(51h) Limitations of Multivariate Curve Resolution-Alternating Least Squares Analysis for Determining Components in Operando XAS Catalyst Characterization | AIChE

(51h) Limitations of Multivariate Curve Resolution-Alternating Least Squares Analysis for Determining Components in Operando XAS Catalyst Characterization

Authors 

Hoffman, A. - Presenter, SLAC National Accelerator Laboratory
Bare, S., SLAC National Accelerator Laboratory
Meirer, F., Utrecht University
Genz, N., Paul Scherrer Institute
Operando X-ray Absorption Spectroscopy (XAS) is a powerful tool for elucidating the structure and dynamics of catalysts. The advent of continuous- and quick-scanning capabilities at synchrotron facilities has improved the time resolution of XAS measurements (e.g. ≈3600+ vs. ≈4 spectra/h for quick- and step-scanning XAS, respectively), unlocking new insights into catalyst dynamics with datasets that include the spectroscopy as well as process conditions. To speed up the XAS analysis, statistical tools such as principal component analysis (PCA) and multivariate curve resolution-alternating least squares (MCR-ALS) are now used to determine the number of unique components and their contributions. The eigen spectra from the MCR-ALS are compared to the X-ray absorption near edge structure (XANES) of bulk references to add chemical insights. Attempts to extract and model “extended X-ray absorption fine structure (EXAFS)” from the MCR-ALS results have also been made. However, there has been no study into the validity of using the MCR-ALS results to extract “EXAFS” and how this compares to the XAS data from the experiment.

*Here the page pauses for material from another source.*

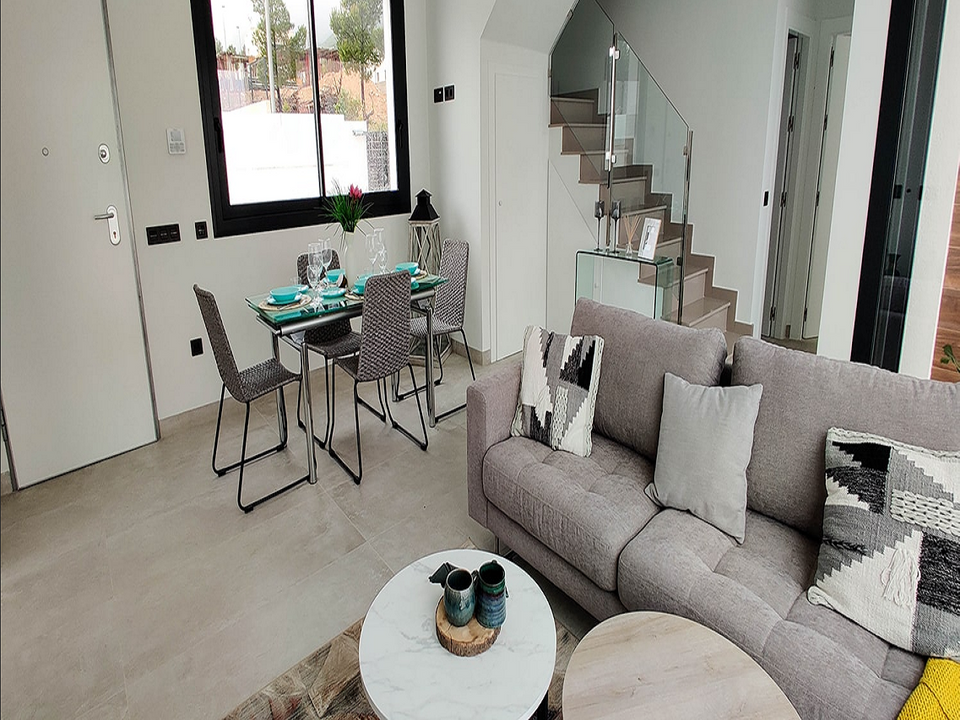 Villa i Pinoso, Alicante - bilde 4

In this talk we will explore how accurate MCR-ALS eigen spectra “XANES and EXAFS” are for ascribing chemical information by comparing operando XAS results for the reduction of SiO2 supported Ni nanoparticles (1.7 nm) and bulk NiO. CatXAS, and pTauSpec enabled the processing of the XAS datasets and the PCA/MCR-ALS analysis. Our study shows that the information content in the XANES is better for ascribing chemical insights whereas the “EXAFS” can be modeled, however, the resulting structure models do not always match that extracted from the raw data, Figure 1. This shows that while MCR-ALS is a powerful tool to determine the number of statistically relevant components in a catalytic system, care needs to be taken in interpretation in the results, especially when the EXAFS is attempted to be extracted and modeled.